Action item:
Reproduce precisely the lines of the material below from the line containing "Bullyland Hand Painted" up to and including its last line. Pictures must not be copied.

Provided data:
+ + + + + + +

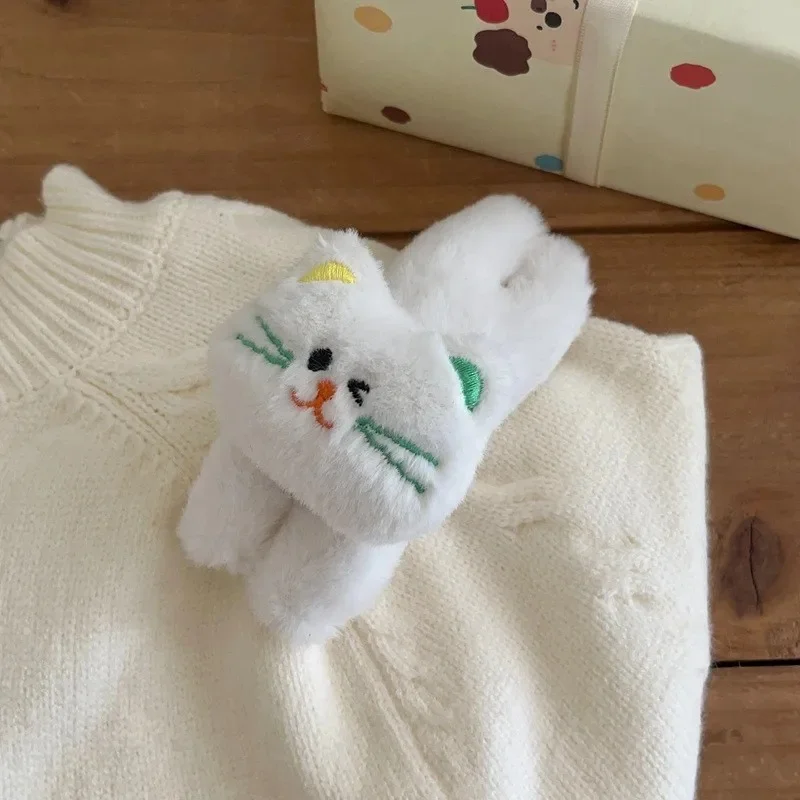 White kitten hairpin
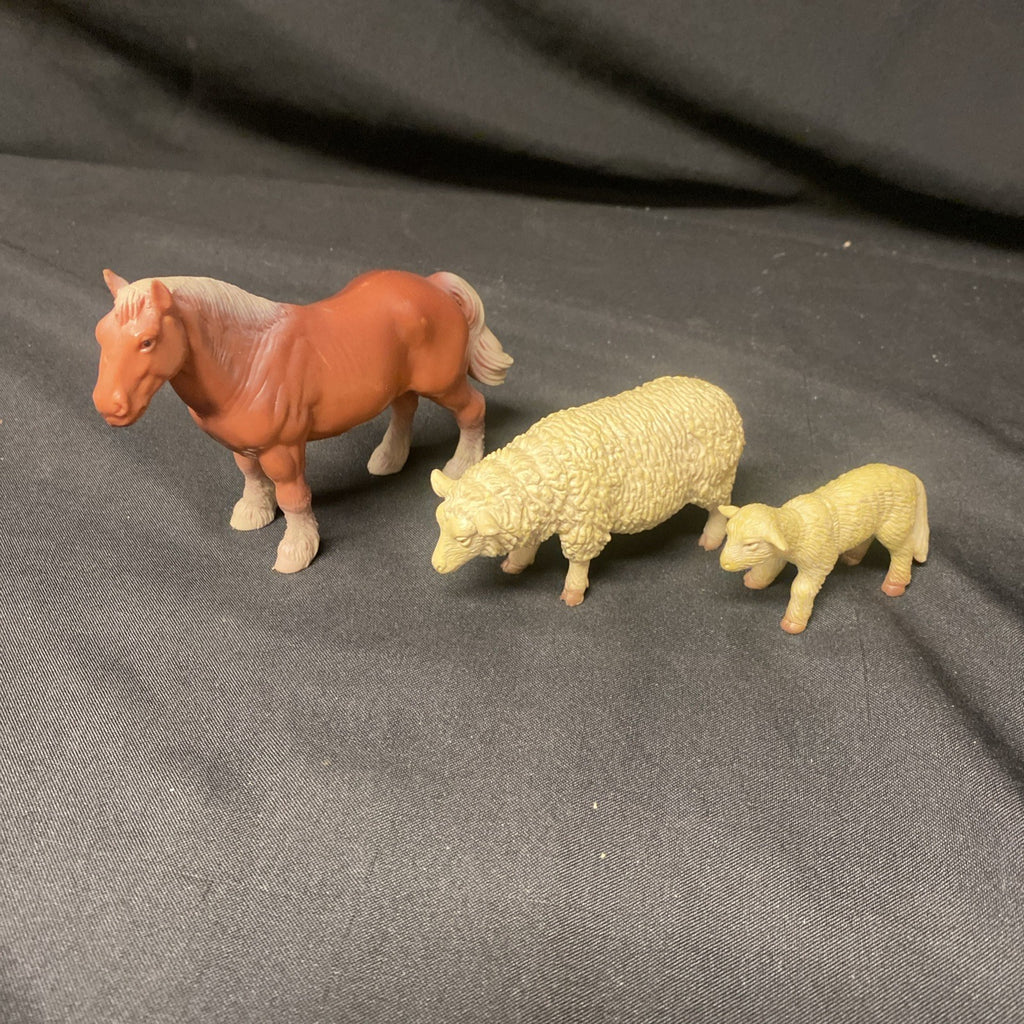 Bullyland Hand Painted Made in Germany Sheep Lamb Stallion Vintage - (1663)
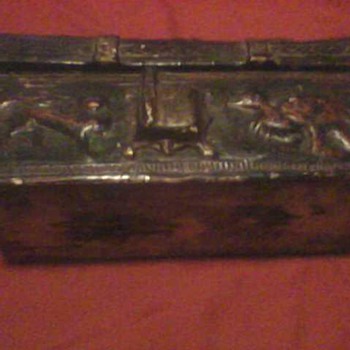 INTERESTING COMPOSITION ASIAN BOX - Folk Art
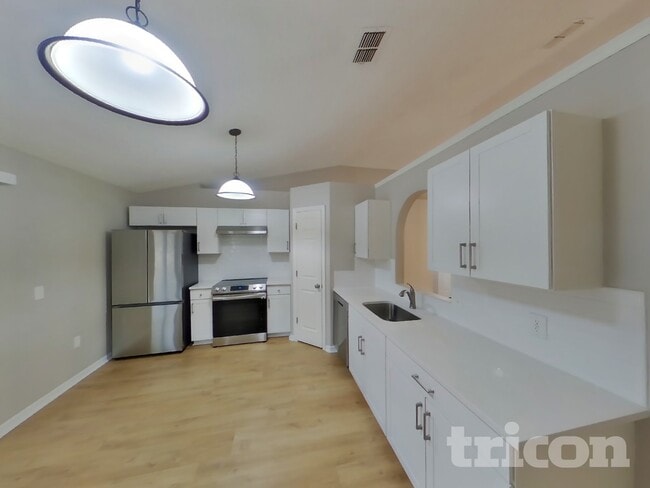 Photo - 10443 Elgin Blvd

+ + + + + + +

Task result:
 Bullyland Hand Painted Made in Germany Sheep Lamb Stallion Vintage - (1663)
 INTERESTING COMPOSITION ASIAN BOX - Folk Art
 Photo - 10443 Elgin Blvd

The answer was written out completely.